Künstlersozialabgabe für eigenwerbende Unternehmer

- Rechtsanwalt Dirk Scherzer -

Wer als Unternehmer beim Begriff der „Künstlersozialabgabe“ noch immer an eine freiwillige Spende für notleidende Kunstschaffende denkt oder allenfalls an eine Abgabe, die nur von Theatern oder Konzertveranstaltern o.ä. zu entrichten ist, wird möglicherweise bei der nächsten Betriebsprüfung sein böses Erwachen erleben.

Seit dem Jahr 2005 ist die Zahl der künstlersozialabgabepflichtigen Verwerter von 50.000 auf ca. 180.000 im Jahr 2014 angestiegen. Aufgrund der geänderten Voraussetzungen für die Eigenwerber und die Generalklauselunternehmen wurden die abgabepflichtigen Verwerter wesentlich ausgeweitet.
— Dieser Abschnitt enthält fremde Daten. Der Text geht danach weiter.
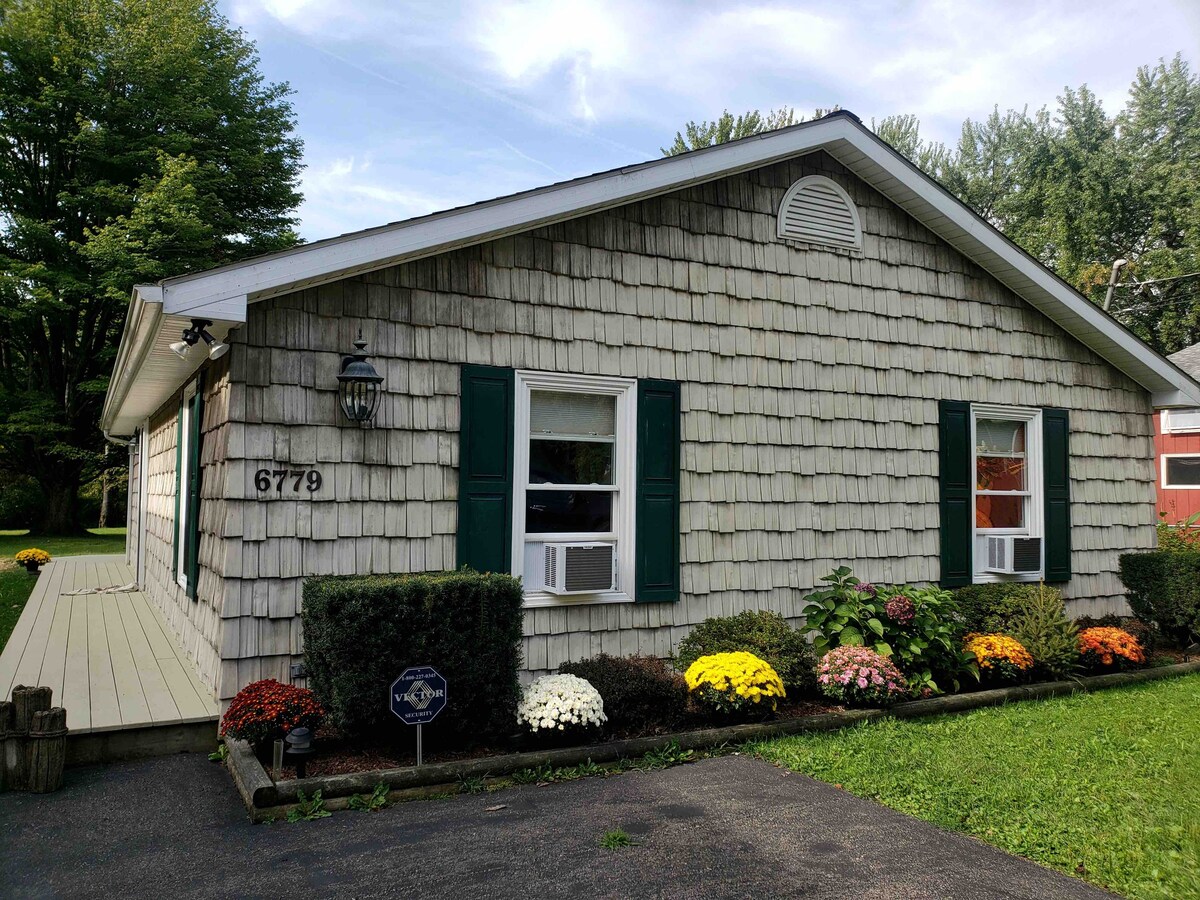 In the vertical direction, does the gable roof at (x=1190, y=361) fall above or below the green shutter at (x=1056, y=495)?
above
Hinzu kommt, dass die Deutsche Rentenversicherung nun jedes Jahr 400.000 Unternehmen systematisch auf die Abgabepflicht hin prüfen wird (gegenüber nominell 70.000 in den Vorjahren).

Die abgabepflichtigen Verwerter können daher nicht mehr darauf vertrauen, dass sie ohne Angst vor Nachteilen abwarten könnten, ob sie von der Künstlersozialkasse oder der Deutschen Rentenversicherung angeschrieben werden.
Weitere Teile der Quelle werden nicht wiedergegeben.